I had just arrived in Buenos Aires to study abroad, speaking limited Spanish. I sat in a dilapidated classroom inside the University of Buenos Aires’ Social Science building.
Instead of deciphering what was coming out of the professor’s mouth, my attention was diverted by the guy in front of me. He sported a bushy mullet with a luscious dreadlocked rat-tail dangling between his shoulder blades (what I later learned to be a standard hairstyle back in 2006). He wore a sleeveless, see-through white tunic paired with multicolored, striped woven pants, something MC Hammer might have worn if he ever made a music video featuring Argentine gaucho dancers.

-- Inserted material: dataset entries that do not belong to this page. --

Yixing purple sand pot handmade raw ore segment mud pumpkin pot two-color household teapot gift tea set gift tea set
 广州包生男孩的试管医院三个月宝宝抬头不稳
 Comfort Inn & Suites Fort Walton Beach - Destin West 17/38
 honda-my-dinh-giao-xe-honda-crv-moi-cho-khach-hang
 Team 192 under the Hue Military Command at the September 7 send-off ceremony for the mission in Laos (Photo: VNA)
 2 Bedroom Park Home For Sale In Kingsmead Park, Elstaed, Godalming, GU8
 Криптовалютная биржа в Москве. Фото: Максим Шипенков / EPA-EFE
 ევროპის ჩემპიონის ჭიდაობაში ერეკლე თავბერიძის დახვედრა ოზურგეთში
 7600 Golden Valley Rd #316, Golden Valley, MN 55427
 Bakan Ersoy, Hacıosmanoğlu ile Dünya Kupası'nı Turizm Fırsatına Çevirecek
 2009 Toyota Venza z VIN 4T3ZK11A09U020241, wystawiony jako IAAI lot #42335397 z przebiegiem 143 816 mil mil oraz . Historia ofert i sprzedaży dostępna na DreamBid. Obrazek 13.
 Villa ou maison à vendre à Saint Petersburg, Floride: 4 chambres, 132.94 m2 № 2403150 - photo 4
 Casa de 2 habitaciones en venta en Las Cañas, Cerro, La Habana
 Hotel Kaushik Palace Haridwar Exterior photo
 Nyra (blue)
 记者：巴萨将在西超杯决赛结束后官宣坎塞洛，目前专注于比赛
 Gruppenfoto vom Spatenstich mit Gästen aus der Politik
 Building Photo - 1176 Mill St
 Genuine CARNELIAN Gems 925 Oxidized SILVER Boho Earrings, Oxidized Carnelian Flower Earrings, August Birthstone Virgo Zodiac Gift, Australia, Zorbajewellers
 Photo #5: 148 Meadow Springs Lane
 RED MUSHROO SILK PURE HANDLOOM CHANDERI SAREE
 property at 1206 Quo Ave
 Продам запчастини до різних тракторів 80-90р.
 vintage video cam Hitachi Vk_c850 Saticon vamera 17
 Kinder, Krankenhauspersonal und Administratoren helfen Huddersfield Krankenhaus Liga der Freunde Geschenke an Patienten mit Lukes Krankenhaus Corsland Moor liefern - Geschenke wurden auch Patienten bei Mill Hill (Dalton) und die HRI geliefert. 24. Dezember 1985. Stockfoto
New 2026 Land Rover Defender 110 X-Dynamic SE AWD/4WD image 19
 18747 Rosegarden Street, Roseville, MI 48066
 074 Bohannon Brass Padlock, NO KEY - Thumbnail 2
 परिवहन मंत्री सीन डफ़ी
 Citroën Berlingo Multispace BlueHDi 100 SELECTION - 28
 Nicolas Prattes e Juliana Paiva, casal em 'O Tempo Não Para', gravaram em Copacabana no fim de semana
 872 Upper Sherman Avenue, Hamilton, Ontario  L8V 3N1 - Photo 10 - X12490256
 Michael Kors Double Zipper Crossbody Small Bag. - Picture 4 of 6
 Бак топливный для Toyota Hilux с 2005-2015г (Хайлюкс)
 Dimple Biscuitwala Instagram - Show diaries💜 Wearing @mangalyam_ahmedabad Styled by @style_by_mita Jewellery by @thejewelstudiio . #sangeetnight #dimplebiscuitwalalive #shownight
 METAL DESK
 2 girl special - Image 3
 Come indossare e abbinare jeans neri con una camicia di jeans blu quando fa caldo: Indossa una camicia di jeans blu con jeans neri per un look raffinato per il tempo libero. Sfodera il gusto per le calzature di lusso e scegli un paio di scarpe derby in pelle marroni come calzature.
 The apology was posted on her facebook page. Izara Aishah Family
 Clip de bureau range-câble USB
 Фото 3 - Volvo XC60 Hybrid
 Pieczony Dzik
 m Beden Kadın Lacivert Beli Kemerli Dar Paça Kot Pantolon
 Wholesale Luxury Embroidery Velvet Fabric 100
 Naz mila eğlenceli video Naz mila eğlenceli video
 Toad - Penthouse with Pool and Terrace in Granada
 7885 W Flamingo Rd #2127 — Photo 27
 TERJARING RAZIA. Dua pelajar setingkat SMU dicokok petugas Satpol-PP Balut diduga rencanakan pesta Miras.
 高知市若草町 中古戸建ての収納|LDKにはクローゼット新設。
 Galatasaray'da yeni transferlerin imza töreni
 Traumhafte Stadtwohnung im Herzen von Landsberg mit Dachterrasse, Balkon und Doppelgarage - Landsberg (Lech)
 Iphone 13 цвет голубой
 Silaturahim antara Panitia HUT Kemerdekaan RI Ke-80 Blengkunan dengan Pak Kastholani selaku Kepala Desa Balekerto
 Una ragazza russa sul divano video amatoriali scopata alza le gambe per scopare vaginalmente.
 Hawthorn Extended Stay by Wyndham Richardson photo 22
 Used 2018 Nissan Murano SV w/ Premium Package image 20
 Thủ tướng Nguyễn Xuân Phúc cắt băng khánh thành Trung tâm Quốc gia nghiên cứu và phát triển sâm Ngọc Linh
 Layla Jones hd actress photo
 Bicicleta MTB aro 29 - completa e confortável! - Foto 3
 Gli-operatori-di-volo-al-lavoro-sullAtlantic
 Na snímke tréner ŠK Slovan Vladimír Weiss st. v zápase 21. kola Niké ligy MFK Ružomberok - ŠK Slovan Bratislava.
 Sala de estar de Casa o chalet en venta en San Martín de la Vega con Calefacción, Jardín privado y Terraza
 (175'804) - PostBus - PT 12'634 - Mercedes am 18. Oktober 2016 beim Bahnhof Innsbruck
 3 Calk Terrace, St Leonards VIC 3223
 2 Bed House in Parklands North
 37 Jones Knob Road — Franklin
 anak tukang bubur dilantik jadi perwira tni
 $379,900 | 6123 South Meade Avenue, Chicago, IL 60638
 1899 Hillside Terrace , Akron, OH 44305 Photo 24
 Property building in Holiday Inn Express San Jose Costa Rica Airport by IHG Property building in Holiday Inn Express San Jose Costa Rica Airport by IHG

He rustled through his knapsack and whipped out a wooden cup-like container. Then, he took out a bag filled with green herbs and began pouring the leafy contents inside the cup. He covered his hand over the top, gave it a good shake, and blew away a dusty residue. He stuck what appeared to be a metal pipe inside, reached for a thermos under his chair, and poured in a steaming liquid. He wrapped his lips around the pipe and sucked. After nursing it, he poured more liquid, and passed the cup to a girl next to him, who took a few sips, and gave it back. He refilled the cup from the thermos and returned it to the girl, who delivered it to the guy beside her. This passing continued, and I studied the drink pattern as it snaked around the classroom.
What the hell is going on? Some shamanistic Argentine university initiation? A girl started hacking up a lung in the corner, culminating in a loud juicy sneeze. Plus, no one was even wiping off this herpes-covered, mouth-sore germ vessel.
I was handed the cup: damp pieces of green leaves and woodchips floated in water, smelling like herbaceous burnt hay. A metal straw was jammed inside. I pressed my lips against it and strenuously inhaled. HOLY HOT HELL SCORCHING MOTHER OF GOD, I thought as I burnt all the taste buds off of my tongue. I regained mouth consciousness and the flavor shone through: BITTER. So bitter I deliberately fought my face muscles from twisting into a ghastly frown. I passed it back with a way-too-big gringa smile, and before it came for a second round, class was over.
During the next nine years, I’d learn a whole hell of a lot about mate, a pastime that many locals use as a litmus test to prove how truly Argentine an extranjero (foreigner) is.
I’d see yerba mate sold everywhere; it had its own aisle in supermarkets. I’d try it in numerous gourds: wood, metal, glass, dried pumpkin, or, as I’ve recently acquired, a cow hoof with fur and hoof intact.
I’d learn mate’s typically drunk in the afternoon during merienda—tea-time between midday lunch and late night Argentine dinners—and paired with crackers, cookies, or dulce de leche-injected churros.
Traveling across the country, I’d see mate is a household staple just as important as flour and sugar. I’d find out that it contains mateína, a stimulant similar to caffeine and a known appetite suppressant, making it the energy drink of choice for students. I’d watch footage of both the pope and fútbol God Lionel Messi drinking mate. I’d even invest in an electric kettle made especially for mate, heating water to the ideal 70-80°C temperature.
I’d get schooled in the many rules of mate. For example, the person who prepares the mate is the cebador, and only he or she has access to serve. It’s bad form to touch the bombilla (metal straw) once it’s plunked in. And you say thank you when you no longer want to partake in the drink circle.
I’d come to understand that drinking mate is a social pastime. You wouldn’t go to a café and order the infusion. Instead, you’d go to someone’s house, park, or plaza, to chat with friends and family.
On a recent afternoon, a friend stopped by to gossip. There was an unspoken understanding we’d be drinking mate. As the host, I took lead as cebadora. Desiring a zesty tweak, I decided to add orange and lemon peel for some citrusy brightness. A mate genius! After carefully preparing the drink, I handed it to my friend. He tried it and busted out the same face I made before I acquired a taste for the stuff. “This isn’t real mate,” he said, “but it’s still pretty good.”